On Friday, six-term U.S. Senator Thad Cochran announced he would run for reelection in 2014, setting up a divisive June primary campaign against state senator Chris McDaniel. Cochran, who turns 76 on Saturday, was long considered likely to retire based on his age, his relatively lackluster recent fundraising, and McDaniel’s candidacy. However, he confounded expectations and set the stage for what will be yet another bruising battle between the Republican Establishment and the Tea Party.
Like Mitch McConnell, who facing his own primary challenge in Kentucky, Cochran was a formative figure in building his state’s Republican Party. He was the first Republican senator elected from the Magnolia State since Reconstruction and an played important role in the state’s transformation from a Democratic stronghold of the Solid South to a deep-red GOP bastion. However, unlike McConnell, Cochran rarely sought the spotlight. While his former colleague Trent Lott became a national figure as Senate Majority Leader, Cochran kept to the background and worked on bringing federal money home. He eventually rose to chairman of the Senate Appropriations Committee and would be in line to resume that position in 2014 if he keeps his seat and the GOP takes control of the Senate. But he may not keep his seat.

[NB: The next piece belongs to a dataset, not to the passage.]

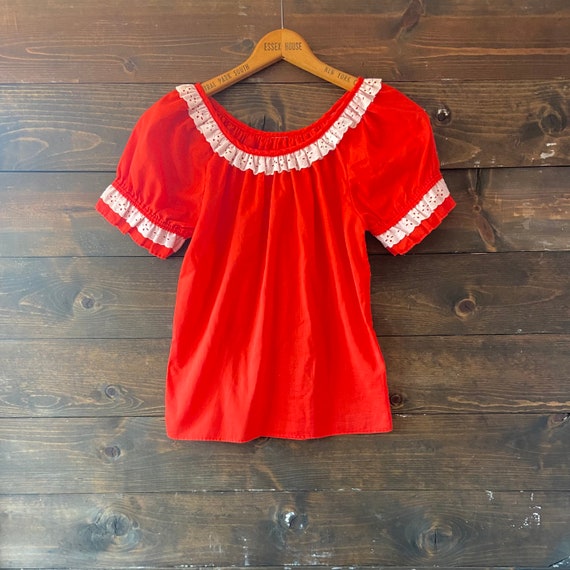 Vintage 70’s puff sleeve top / red square dance s… - image 6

Cochran is facing a challenge from Chris McDaniel, a state senator who is backed by right-wing groups like the Senate Conservative Fund and the Club for Growth. McDaniel announced in October that he would be running for the seat and he and his supporters have attacked Cochran for not being sufficiently conservative. In a statement, Chris Chocola, president of the Club of Growth and a McDaniel backer, said “Senator Thad Cochran has done some good things for Mississippi, but he’s also done some bad things. He voted to bail out Fannie Mae and Freddie Mac, voted repeatedly to raise the debt limit by trillions of dollars, and even voted against a resolution that stated Congress has a ‘moral obligation’ to cut spending.” In the past, McDaniel has attacked Cochran as having not been a conservative vote or “conservative champion” as well.
The incumbent is already rallying establishment support though. He received the backing of the state’s other Republican senator, Roger Wicker, and will hold a $5,000-a-head fundraiser next week with McConnell.
The Cochran-McDaniel face-off is the latest major establishment vs. Tea Party showdown in the Deep South. Last month, in a special election in a congressional district on Alabama’s Gulf Coast, former GOP state senator Bradley Byrne narrowly edged Tea Party activist Dean Young.